═══ Source material

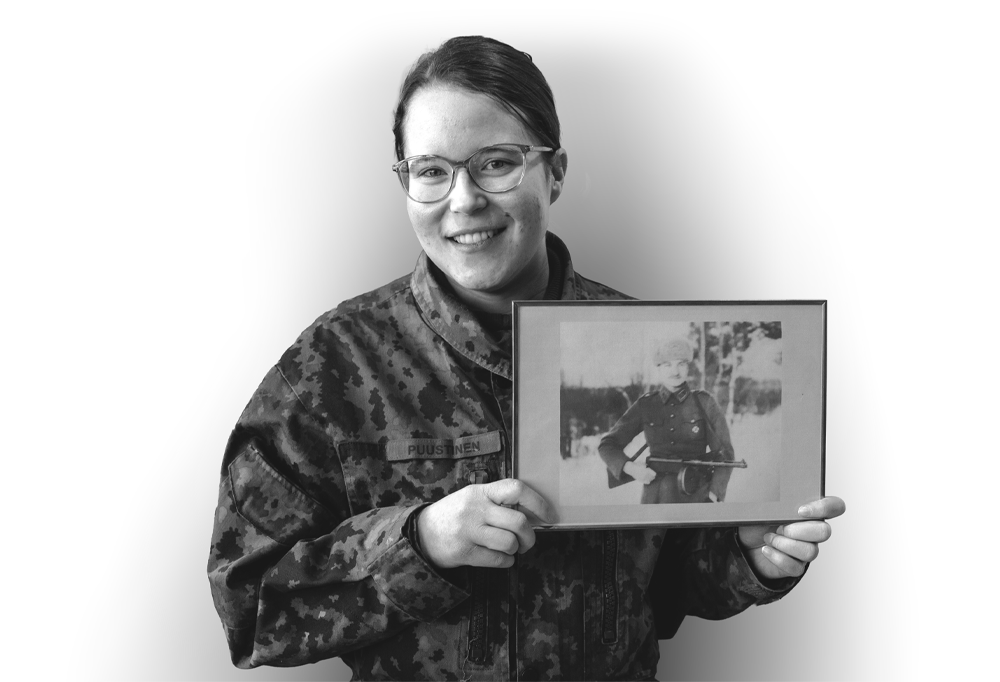 Kaartinjääkäri Annika Puustinen hymyilee ylpeänä käsissään isoukkinsa kuva.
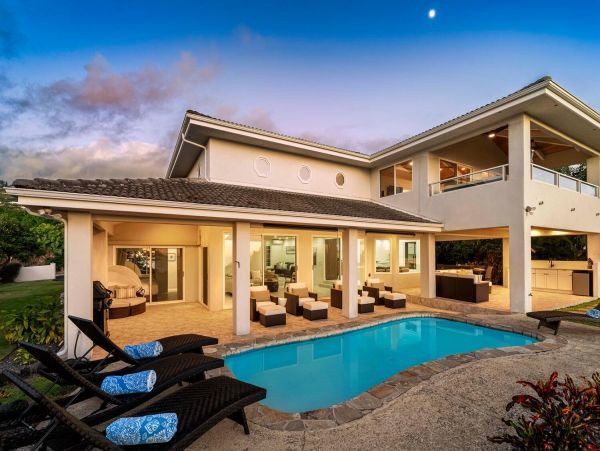 Nothing Short of Fabulous Exceptional Big Island Ocean Home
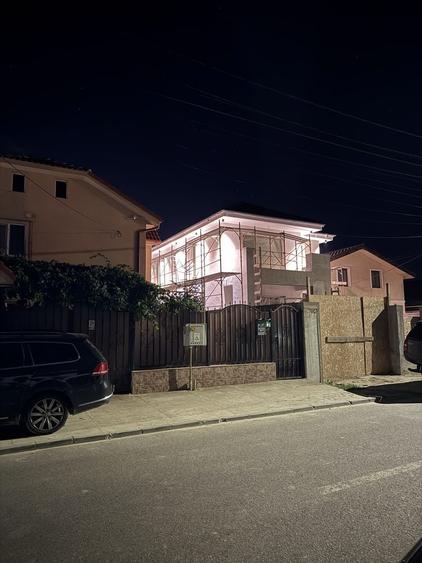 Casă cu 4 camere în Cumpăna
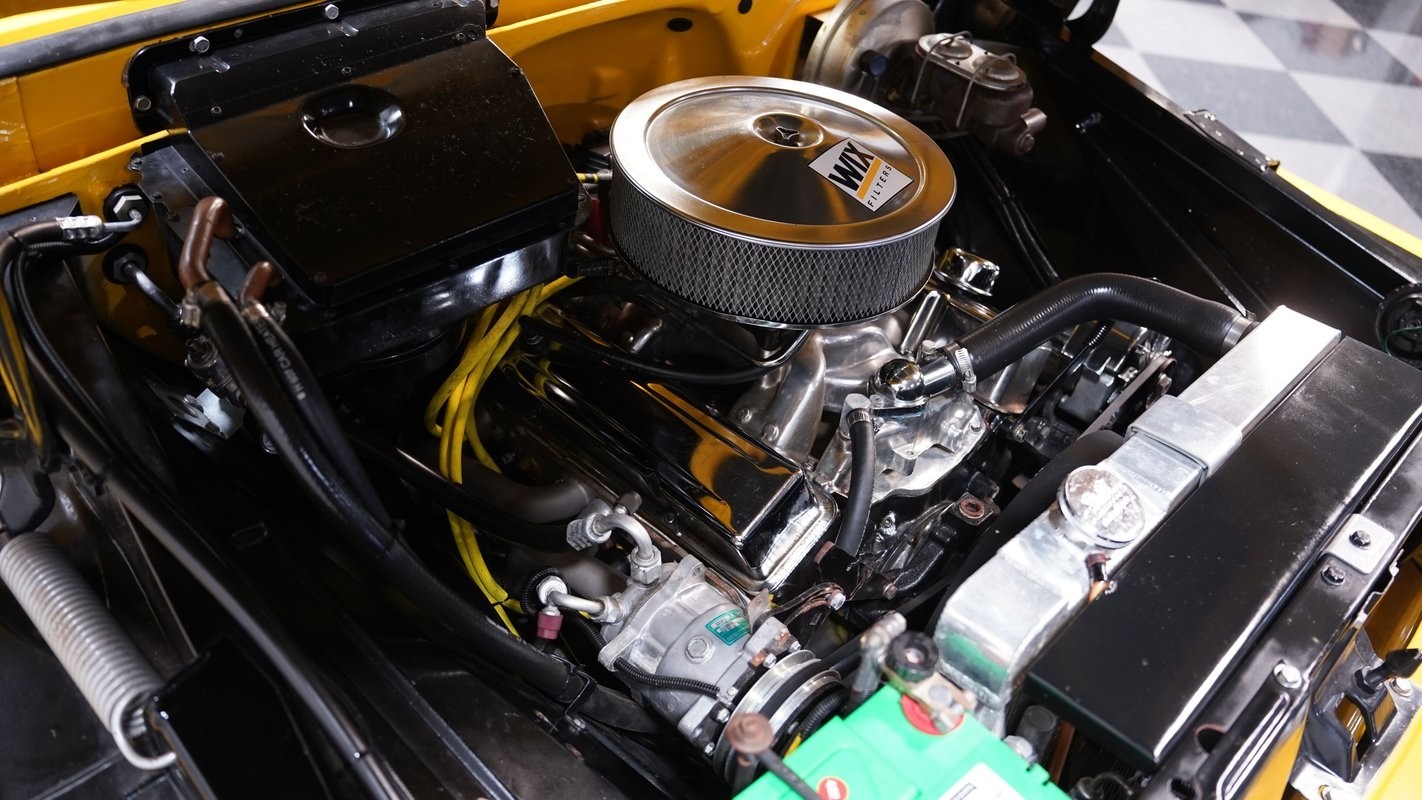 Chevrolet-C-10-1965-Pickup-Truck-30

══════

Write every line above out again exactly; pictures do not belong in the copy.

Answer for the task
 Kaartinjääkäri Annika Puustinen hymyilee ylpeänä käsissään isoukkinsa kuva.
 Nothing Short of Fabulous Exceptional Big Island Ocean Home
 Casă cu 4 camere în Cumpăna
 Chevrolet-C-10-1965-Pickup-Truck-30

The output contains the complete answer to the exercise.